♯32 思い込み
更新が滞り申し訳ございませんでした>>第二章以降から、勢い任せで書いてしまっていた為、色々不都合が生じて、書き直させて頂きました>>
ですが、基本のストーリーの流れは過去の ♯36(奏吾とディノの決闘前)までは変わりませんので、既にそこまで読んでいただいている方は、♯37から読んでいただいても大丈夫です>>
最新の♯37までは二時間おきに更新していくつもりですので、それまで大部変更に書き直した、新しい第二章を楽しんでいただければ幸いです>>
誤字脱字のご報告、評価、感想等ありましたらいただけると幸いです>>
反応があると筆者は単純なので、テンションが上がり頑張れます>>
今後ともよろしくお願い致します>>
大迷宮大ハルシャ――その第二階層を十人程の一団が歩いていた。
その中に“彼”はいた。
天井には大迷宮が映し出す虚構の空が、黄昏の橙に染まりつつある。
彼とその周りの一団は、何処か疲労の色濃くその顔に醸し出していた。その中にあって、彼の瞳には疲労以外の光が煌々と燃えていた。
彼には欲しいものがあった。
何よりも手に入れたい――、ソレは美しく美しい。今まで手に入れたどんなモノよりも蠱惑的で魅力的なソレに彼は、今までにない所有欲をおぼえた。
何があっても、どんな事をしても、ソレが欲しかった。
彼はどんなモノでも手に入れられる。自分自身にはその力と、権利があるとそう考えていた。

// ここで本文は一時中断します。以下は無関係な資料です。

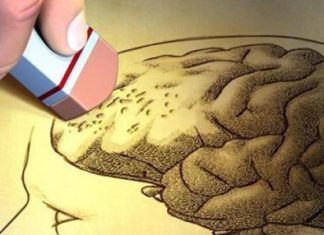 Alzheimer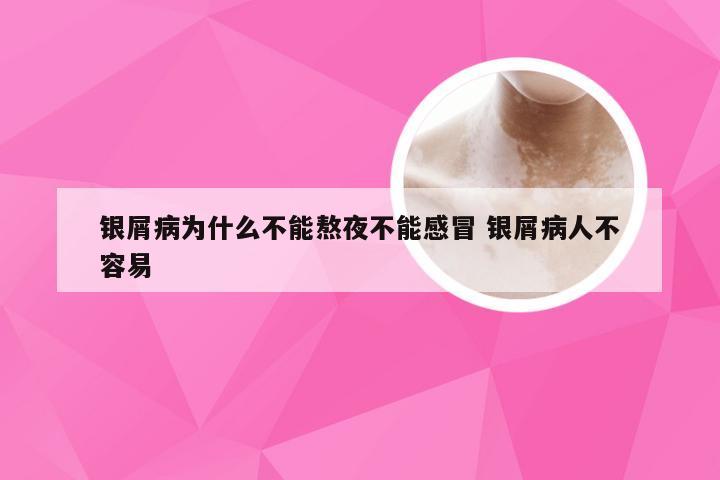 银屑病为什么不能熬夜不能感冒 银屑病人不容易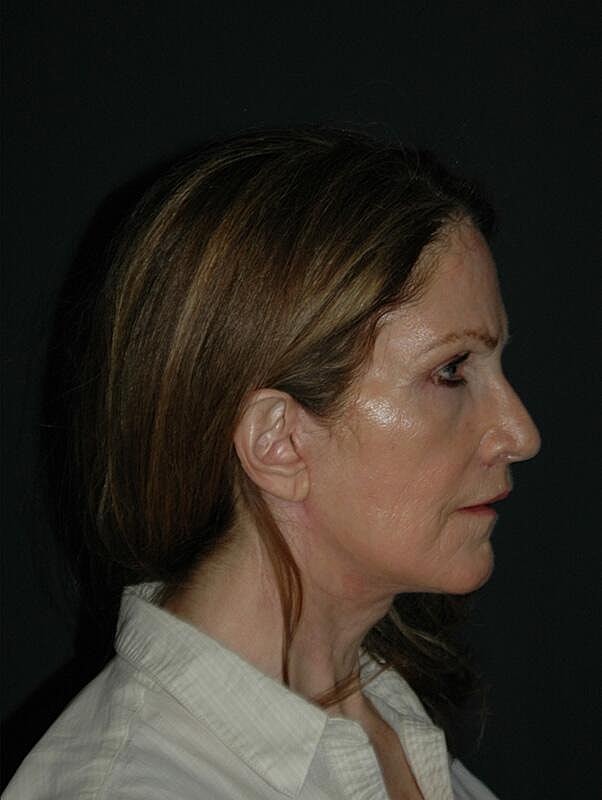 Lip Lift Before & After
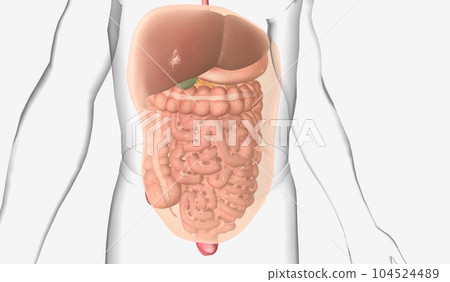 Abdominal adhesions are bands fibrous tissue formed after surger 104524489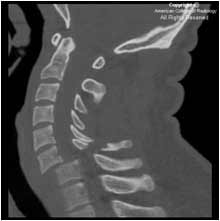 CT image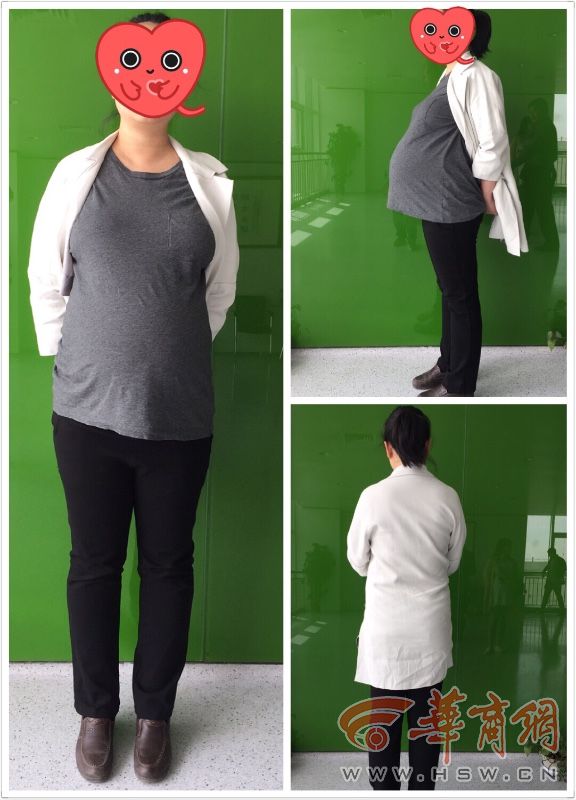 产六病区的孙女士肚子圆圆的会生女孩,肚子尖尖的会生男孩……靠妈妈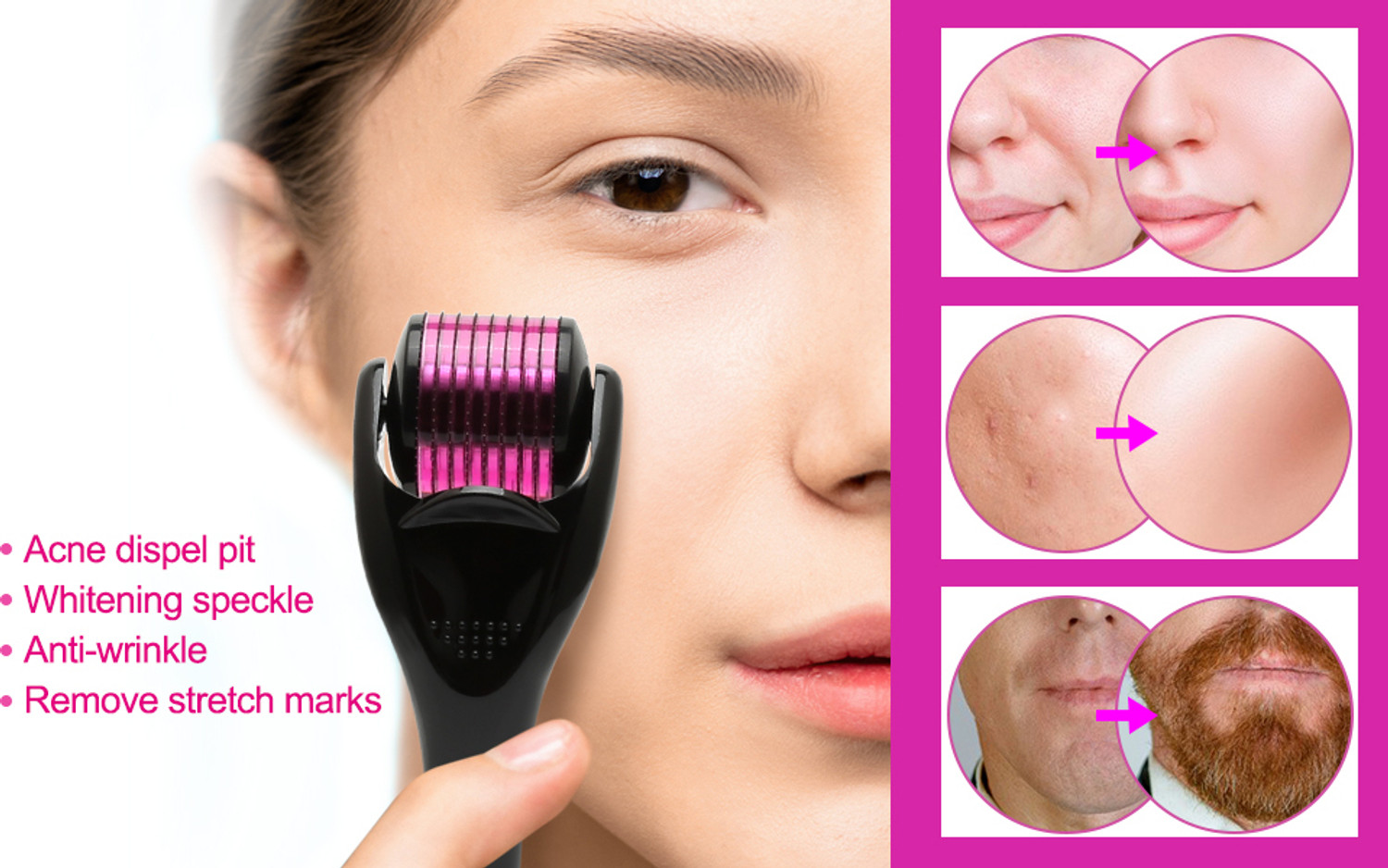 Image of DIDMENT Derma Roller + Hair Scalp Massager Brush + Face Ice Roller Combo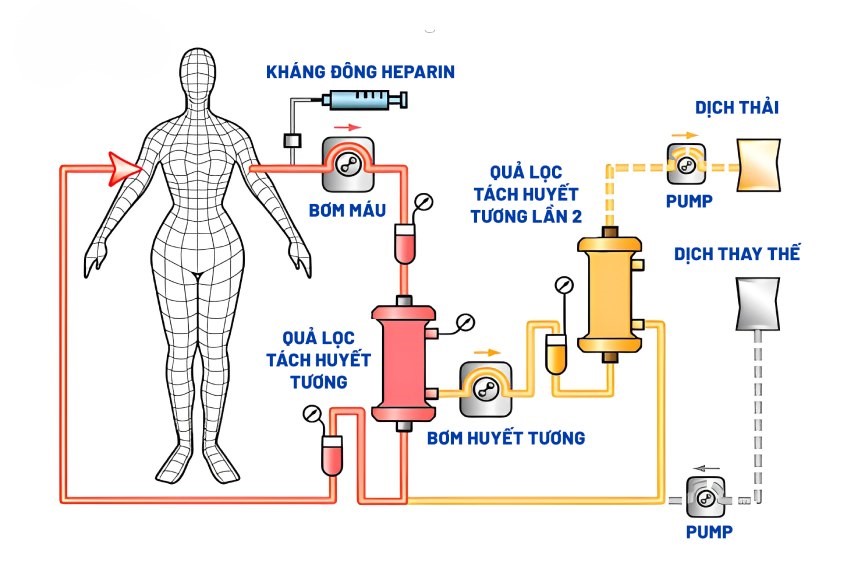 Nguyên lý thực hiện của phương pháp Lọc máu DFPP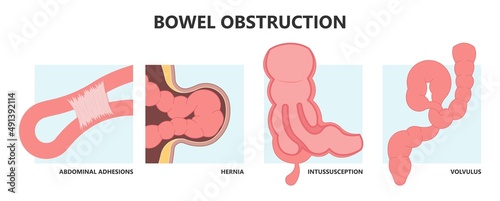 ileus bowel toxic small midgut cecal colon tract Hirschsprung's gastric Ladd band large hiatal hernia cancer tumor swollen crohn's x-ray meckel's twist blocked birth defect infant children pain short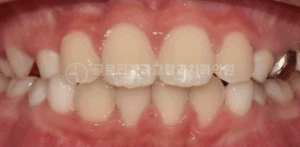 Read more about the article 6개의 치아에만 붙이는 장치가 있다? 망우본동 교정치과 2×4 appliance를 사용한 어린이 치열 개선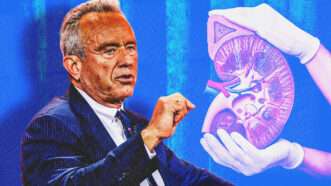 Health and Human Services Secretary Robert F. Kennedy Jr. and a graphic of a kidney | Illustration: BONNIE CASH/UPI/Newscom/Peakstock/Envato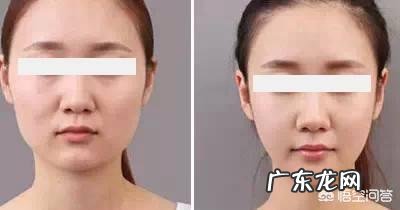 硅胶假体隆鼻好吗？术后注意事项？需要我们如何进行护理？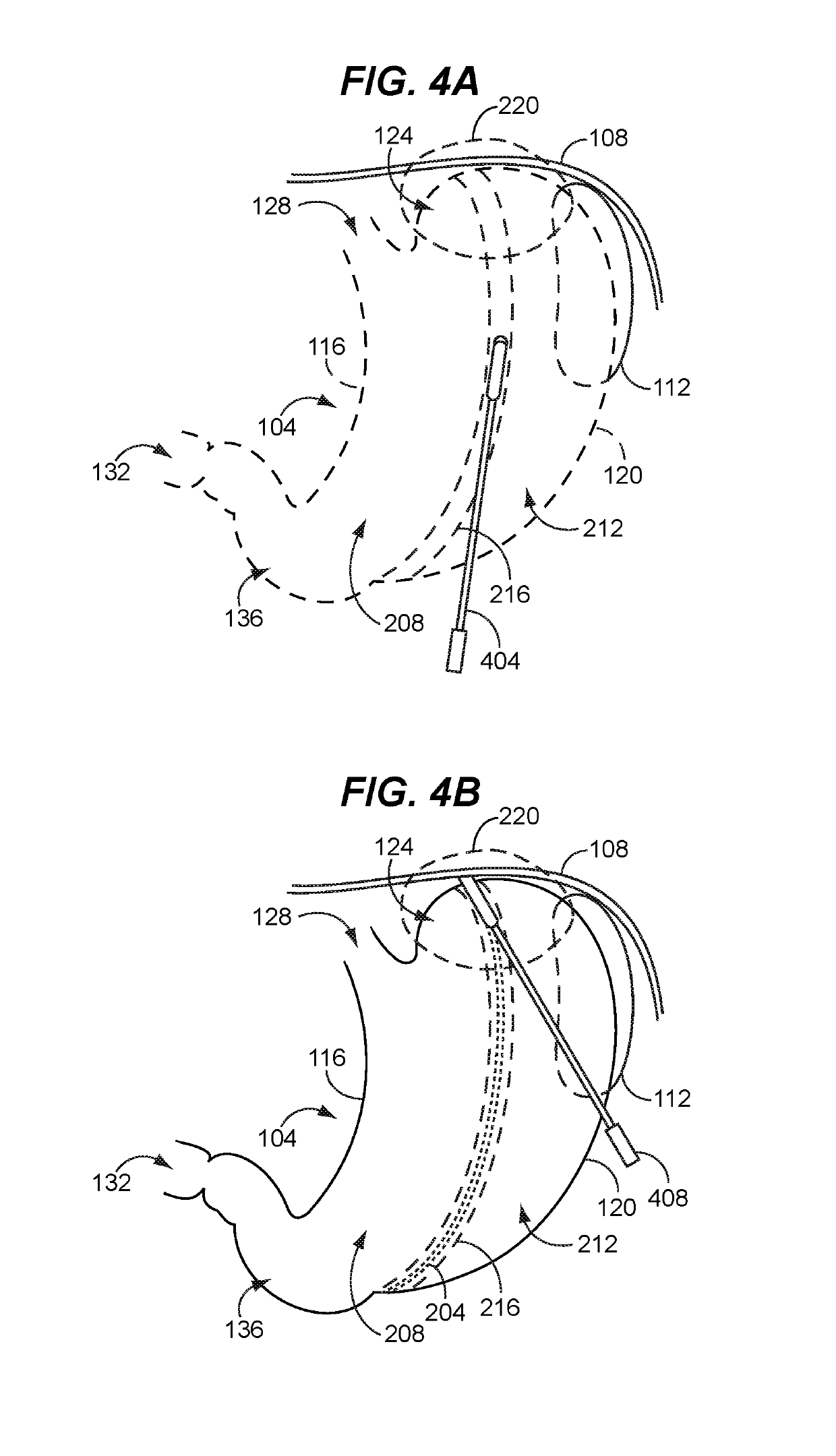 Safe sleeve gastrectomy and intestinal switch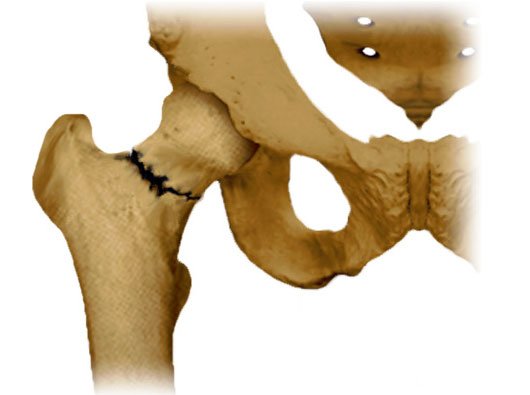 How hip fracture looks like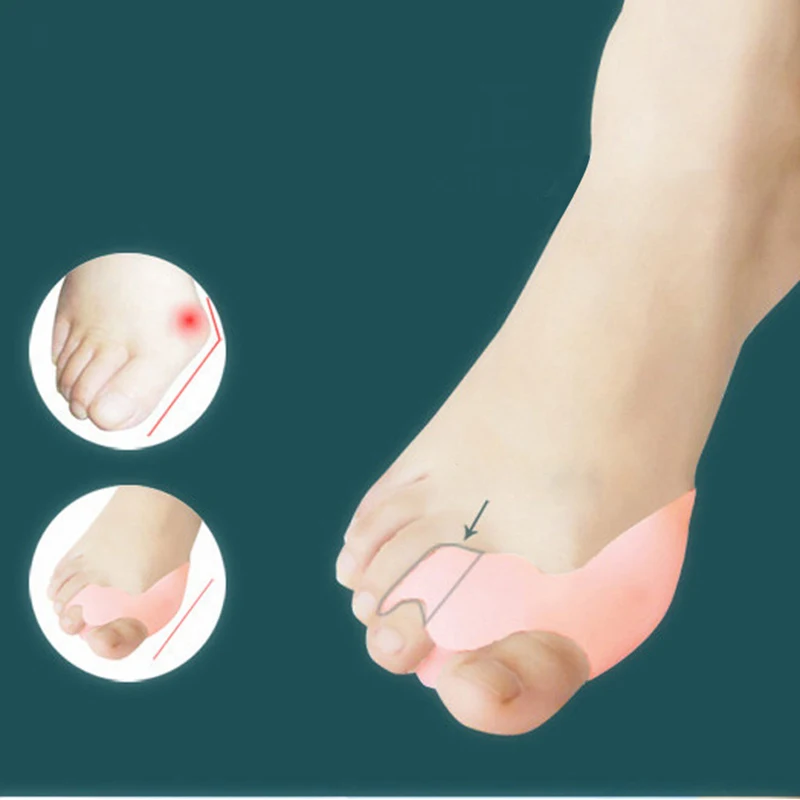 2 шт. силиконовые разделители для пальцев ног|foot care tool|care toolbunion splint |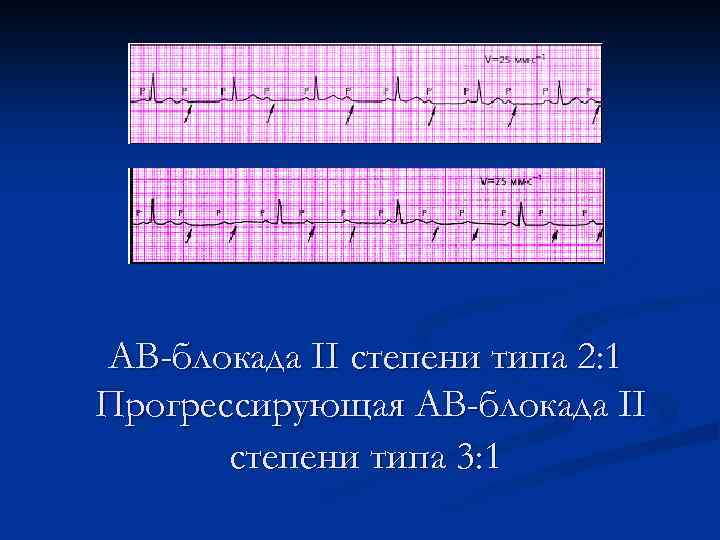 АВ-блокада II степени типа 2: 1 Прогрессирующая АВ-блокада II степени типа 3: 1 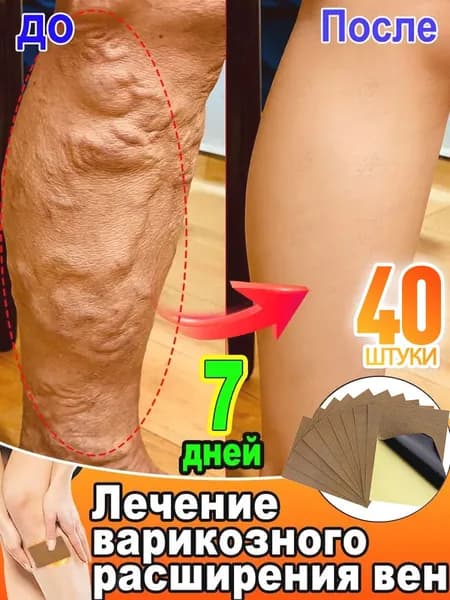 пластырь от варикоза на ногах,патчи от отеков,патчи для ногг,40 шт.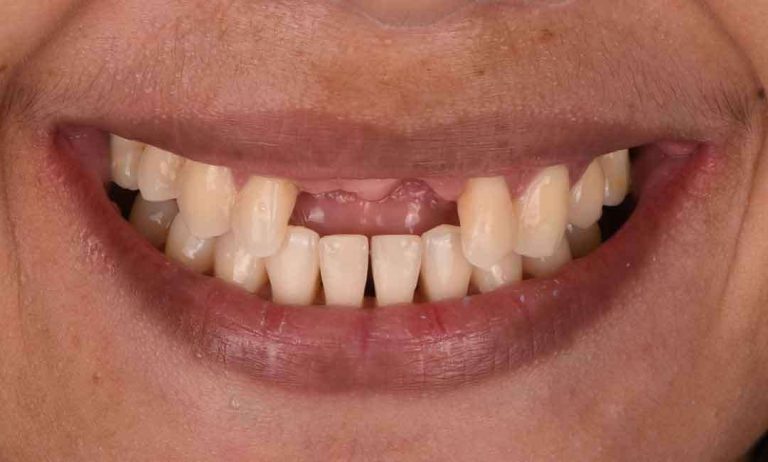dental-implants-07b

何故なら彼は、貴族であり、権力があり。冒険者で、実力もあり。才能があり、金もあったからだ。
少なくとも彼はそう思い込んでいる。
彼はたしかに貴族の子として生を受けた。しかし、彼には二人の兄がいた。
大雑把で理想論ばかり語り、腕っぷしだけで自尊心を満たすしかない長兄と、ひ弱で意志薄弱、父のいう事ばかり聞き、少しばかり頭がいいだけの次兄が彼にはいたのだ。
本来なら武芸に優れ、頭脳明晰な自分が三男であろうと、父の領主の座を継ぐべきだった。それが領民の為、ひいては王国の為だった。
しかし権力と金銭欲……そして趣味の悪い好色だけの父親は、見る目が無く。領主の座を自分の傀儡である次兄……、もしくは気に喰わなくとも世襲通り長兄に渡そうという考えから囚われて出てくることは無かった。
彼から見れば明らかに浅慮。彼は早々に父と領主の座を見限り、自由に生きる事を望んだ。そう思って冒険者になったのは五年前。十五歳の事だ。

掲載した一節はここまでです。